Let’s consider two typical college students. Mary feels passionate about getting an “A” on the next economics test. So for one week solid, she studies in three hour increments. She scarcely takes a break during these marathon study sessions. Yet, to her exasperation, she still only manages to get a C+.
Rodney is in the same economics class. He has spent the past four weeks studying class material, about 45 minutes a day, in 20 minute chunks, separated by a five minute break. To some people’s amazement, he gets A-Pluses regularly, and he did so on the economics test.
So what made the difference? Shouldn’t that A-Plus belong to Mary? Not at all. Because Rodney learned to master his study time better than Mary did. He learned that: a) Effective time management (studying over a long period of time instead of just a night or two before the test) is better than cramming; and b) the brain is not as effective in retaining knowledge after a certain amount of time–usually 20 to 50 minutes at a time. With all of that said, here are four time management tips that will make you a more effective and efficient studier.
Tips for Managing your Time and Study Sessions
1) Start by understanding how much you should be studying each week.
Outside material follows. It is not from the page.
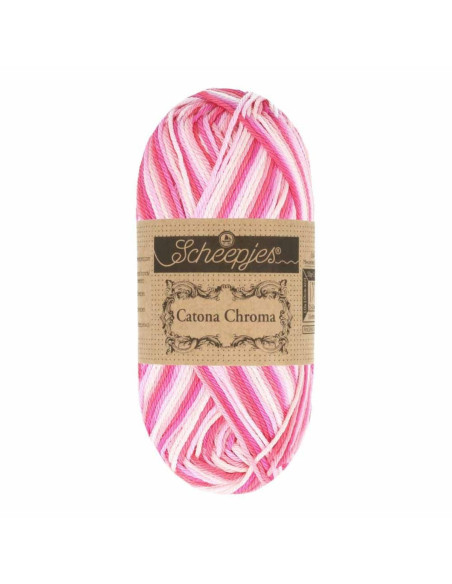 Coton Scheepjes Catona Chroma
If you’re in junior high or high school, or studying for a high school entrance exam> like the SSAT, ISEE or HSPT, there’s a good rule thumb that goes like this: Study the same number of hours per week as your current grade level. Seventh-graders study seven hours a week; 10th graders study 10 hours, and so on. Once you know this, you can divide these hours by the number of days you plan to study. If you’re a 10th grader and you only want to study five days a week, that means you should plan two hours of study each day.
2) If you’re in college, the rule of thumb is a bit different. The traditional rule says that you should study two hours for every hour that your class meets. In reality, every student has easy courses that require much less study time. Still, for the difficult classes, the two-for-one ratio is a good idea.
3) As we alluded to earlier, study in 20 to 50 minute periods. The brain has to take time to form new memories, and if you keep studying flat out, you actually hinder this memorization process. Between every 20 to 50 minute> study period, take a five or 10 minute break. If possible, during this time, do something physical, in order to start the blood pumping again and make your brain more alert. You might do some jumping jacks, jog once around the house, play with your dog or cat–anything that gets you moving! Don’t wear yourself out, though, or you’re just defeating your purpose.
4) Finally, don’t get so involved in extended study sessions that you neglect sleep time. It’s important for your health and for your grades that you get ample sleep time. If you don’t believe it, consider this: If you sleep just four to five hours, you’ll probably have to double your amount of study time to be as effective as if you’d slept seven to nine hours. That’s right: You’ll get better grades if you sleep more and study a little less. And if, despite your best intentions, you’re still a bit sleep deprived, try taking a short 20 minute nap before you study. You’ll be amazed at how effective a quick “power nap” is at restoring your alertness!
Remember: It’s not always how much you study, but how well you manage your study time.